▶ Dataset records

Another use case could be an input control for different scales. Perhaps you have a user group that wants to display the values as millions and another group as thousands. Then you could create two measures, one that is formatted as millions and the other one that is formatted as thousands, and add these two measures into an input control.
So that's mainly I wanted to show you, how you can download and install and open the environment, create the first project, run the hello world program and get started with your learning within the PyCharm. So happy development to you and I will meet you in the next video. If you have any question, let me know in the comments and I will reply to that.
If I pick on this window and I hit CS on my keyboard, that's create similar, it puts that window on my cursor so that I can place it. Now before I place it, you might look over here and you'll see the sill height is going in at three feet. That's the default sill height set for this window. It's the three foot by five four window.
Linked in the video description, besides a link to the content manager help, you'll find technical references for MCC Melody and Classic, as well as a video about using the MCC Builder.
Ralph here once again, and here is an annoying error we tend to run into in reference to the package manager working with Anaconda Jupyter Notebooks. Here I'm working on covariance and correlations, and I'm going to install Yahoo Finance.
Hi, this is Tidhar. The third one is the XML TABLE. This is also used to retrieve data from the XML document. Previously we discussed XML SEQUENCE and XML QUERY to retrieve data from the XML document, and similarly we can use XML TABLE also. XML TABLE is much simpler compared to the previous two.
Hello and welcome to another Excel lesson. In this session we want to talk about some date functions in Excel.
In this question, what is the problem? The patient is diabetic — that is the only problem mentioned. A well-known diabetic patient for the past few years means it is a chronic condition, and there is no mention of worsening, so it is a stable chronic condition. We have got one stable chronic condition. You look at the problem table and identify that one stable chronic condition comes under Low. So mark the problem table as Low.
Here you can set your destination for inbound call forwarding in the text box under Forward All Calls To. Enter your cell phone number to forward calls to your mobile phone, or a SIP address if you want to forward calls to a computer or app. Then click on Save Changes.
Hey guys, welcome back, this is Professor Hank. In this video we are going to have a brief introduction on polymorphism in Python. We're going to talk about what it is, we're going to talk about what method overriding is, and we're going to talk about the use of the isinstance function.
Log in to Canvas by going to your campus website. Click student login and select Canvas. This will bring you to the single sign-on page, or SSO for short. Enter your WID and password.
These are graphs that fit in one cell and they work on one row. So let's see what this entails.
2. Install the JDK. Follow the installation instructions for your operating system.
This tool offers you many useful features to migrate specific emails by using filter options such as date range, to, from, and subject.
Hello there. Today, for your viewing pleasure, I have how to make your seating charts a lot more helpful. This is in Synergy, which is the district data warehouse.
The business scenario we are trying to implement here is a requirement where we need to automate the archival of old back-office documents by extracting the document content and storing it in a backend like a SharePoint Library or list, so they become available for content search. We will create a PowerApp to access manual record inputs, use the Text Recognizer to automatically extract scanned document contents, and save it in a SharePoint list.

▶ Instructions for the task
Reproduce the listing in full. Change nothing.

▶ Solved exercise
Another use case could be an input control for different scales. Perhaps you have a user group that wants to display the values as millions and another group as thousands. Then you could create two measures, one that is formatted as millions and the other one that is formatted as thousands, and add these two measures into an input control.
So that's mainly I wanted to show you, how you can download and install and open the environment, create the first project, run the hello world program and get started with your learning within the PyCharm. So happy development to you and I will meet you in the next video. If you have any question, let me know in the comments and I will reply to that.
If I pick on this window and I hit CS on my keyboard, that's create similar, it puts that window on my cursor so that I can place it. Now before I place it, you might look over here and you'll see the sill height is going in at three feet. That's the default sill height set for this window. It's the three foot by five four window.
Linked in the video description, besides a link to the content manager help, you'll find technical references for MCC Melody and Classic, as well as a video about using the MCC Builder.
Ralph here once again, and here is an annoying error we tend to run into in reference to the package manager working with Anaconda Jupyter Notebooks. Here I'm working on covariance and correlations, and I'm going to install Yahoo Finance.
Hi, this is Tidhar. The third one is the XML TABLE. This is also used to retrieve data from the XML document. Previously we discussed XML SEQUENCE and XML QUERY to retrieve data from the XML document, and similarly we can use XML TABLE also. XML TABLE is much simpler compared to the previous two.
Hello and welcome to another Excel lesson. In this session we want to talk about some date functions in Excel.
In this question, what is the problem? The patient is diabetic — that is the only problem mentioned. A well-known diabetic patient for the past few years means it is a chronic condition, and there is no mention of worsening, so it is a stable chronic condition. We have got one stable chronic condition. You look at the problem table and identify that one stable chronic condition comes under Low. So mark the problem table as Low.
Here you can set your destination for inbound call forwarding in the text box under Forward All Calls To. Enter your cell phone number to forward calls to your mobile phone, or a SIP address if you want to forward calls to a computer or app. Then click on Save Changes.
Hey guys, welcome back, this is Professor Hank. In this video we are going to have a brief introduction on polymorphism in Python. We're going to talk about what it is, we're going to talk about what method overriding is, and we're going to talk about the use of the isinstance function.
Log in to Canvas by going to your campus website. Click student login and select Canvas. This will bring you to the single sign-on page, or SSO for short. Enter your WID and password.
These are graphs that fit in one cell and they work on one row. So let's see what this entails.
2. Install the JDK. Follow the installation instructions for your operating system.
This tool offers you many useful features to migrate specific emails by using filter options such as date range, to, from, and subject.
Hello there. Today, for your viewing pleasure, I have how to make your seating charts a lot more helpful. This is in Synergy, which is the district data warehouse.
The business scenario we are trying to implement here is a requirement where we need to automate the archival of old back-office documents by extracting the document content and storing it in a backend like a SharePoint Library or list, so they become available for content search. We will create a PowerApp to access manual record inputs, use the Text Recognizer to automatically extract scanned document contents, and save it in a SharePoint list.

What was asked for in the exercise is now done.